▶ YOUR INSTRUCTIONS: Starting with the line that contains "NY Threads Vestaglia" and ending with the last line of the entries, repeat exactly those lines and nothing else, pictures excluded.

** Opening DATASET CONTENT block **

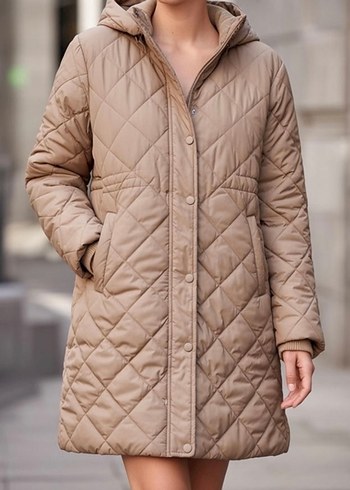 Bej Kapitone Kadın Günlük Ceket - Görsel 2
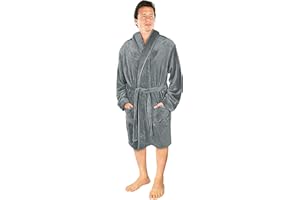 NY Threads Vestaglia da uomo con collo a scialle, morbida e soffice per il sonno e il relax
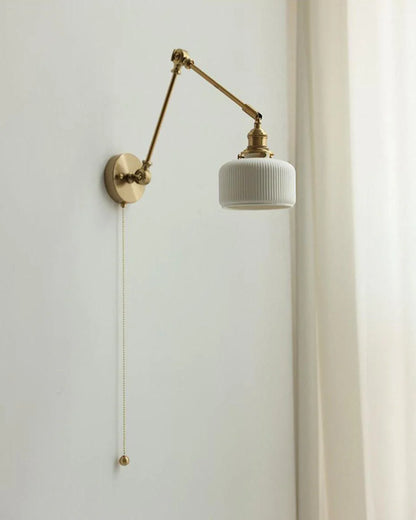 Ceramic Brass Retractable Arm Wall Light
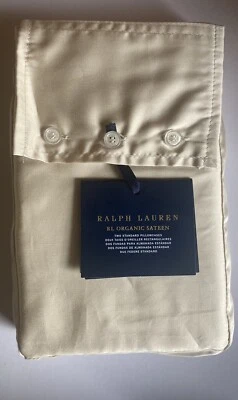 New Ralph Lauren Sateen Pillowcases Set Standard Coastal Sand Tan - Image 1 of 4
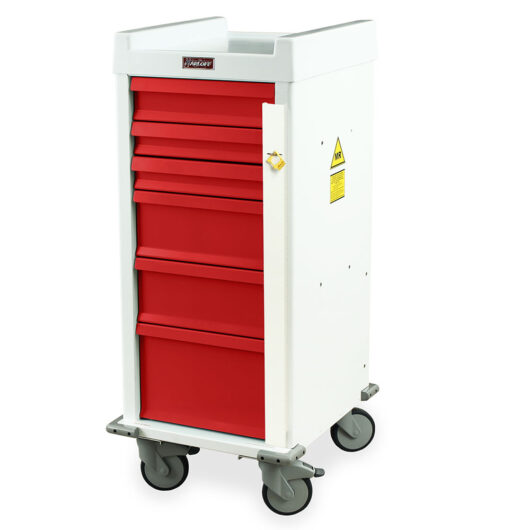 MRN6B MRI Compatible Red Emergency Medical Carts - Quarter Left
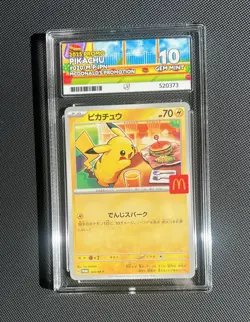 ACE Graded Gem Mint 10 Pikachu Promo 020/M-P McDonald’s 2025 Pokemon Japanese - Image 1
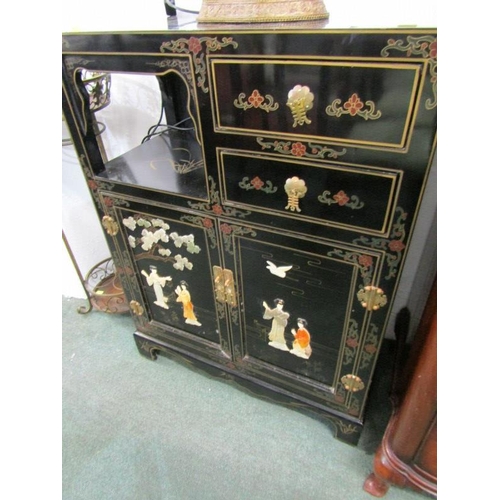 604 - LACQUER FURNITURE,  a gilt and stone inlaid drawer and cupboard base cabinet, 69cm width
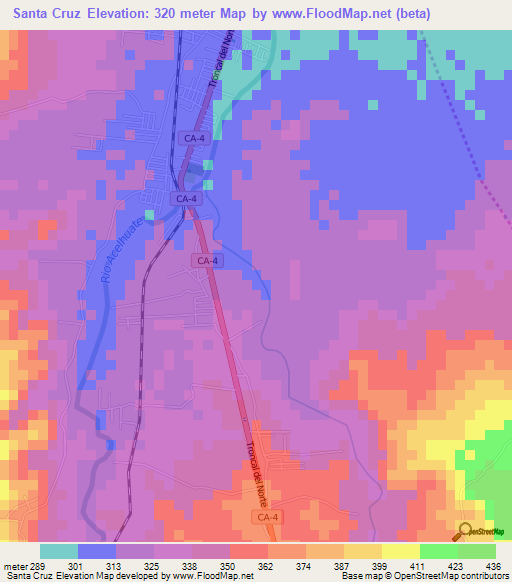 Santa Cruz,El Salvador Elevation Map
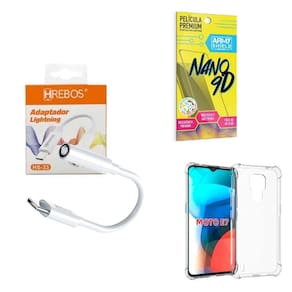 Capinha Motorola E7 + Adaptador P2 Para Tipo C + Película 9D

** Closing DATASET CONTENT block **

▶ WRITTEN RESPONSE:
 NY Threads Vestaglia da uomo con collo a scialle, morbida e soffice per il sonno e il relax
 Ceramic Brass Retractable Arm Wall Light
 New Ralph Lauren Sateen Pillowcases Set Standard Coastal Sand Tan - Image 1 of 4
 MRN6B MRI Compatible Red Emergency Medical Carts - Quarter Left
 ACE Graded Gem Mint 10 Pikachu Promo 020/M-P McDonald’s 2025 Pokemon Japanese - Image 1
 604 - LACQUER FURNITURE,  a gilt and stone inlaid drawer and cupboard base cabinet, 69cm width
 Santa Cruz,El Salvador Elevation Map
 Capinha Motorola E7 + Adaptador P2 Para Tipo C + Película 9D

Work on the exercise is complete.